JeremyGrosser / tablesnap

Uses inotify to monitor Cassandra SSTables and upload them to S3
BSD 2-Clause "Simplified" License
181 stars 86 forks source link

Tableslurp performance expectation #94

Open pdehlke opened 6 years ago

pdehlke commented 6 years ago

I regularly tell people, after 25 years in data centers, that nobody cares about backups. The only thing people actually care about is restores.

To that end I have been testing tablesnap with a small keyspace. The current test dataset is ~28 GB and has a fairly decent rate of churn; I have been running tablesnap for two weeks and have tablechop set to prune the data at 7 days. The S3 bucket currently holds about 145 GB.

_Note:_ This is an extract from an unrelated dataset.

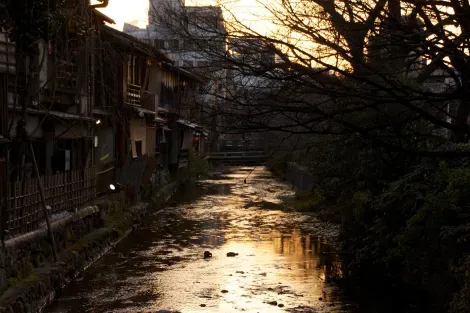 Le quartier de Shirakawa à Kyoto à la tombée de la nuit.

I invoked tableslurp like so:

tableslurp -k <Key> -s <secret> --aws-region us-west-2 -r -n ip-10-14-193-47 my-cassandra-backups-us-west-2 /data/cassandra/data/test_keyspace ./cassandra/data/test_keyspace

After letting that run for 6 hours, tableslurp had created directories for 5 of my 179 tables and had not yet downloaded any files. I killed that process, and restarted with -t 50, to give me 50 threads, and went to bed.

12 hours later, tableslurp had created directories for 33 of the 179 tables, and still had downloaded exactly zero files.

Is this expected behavior? If not, what have I got wrong?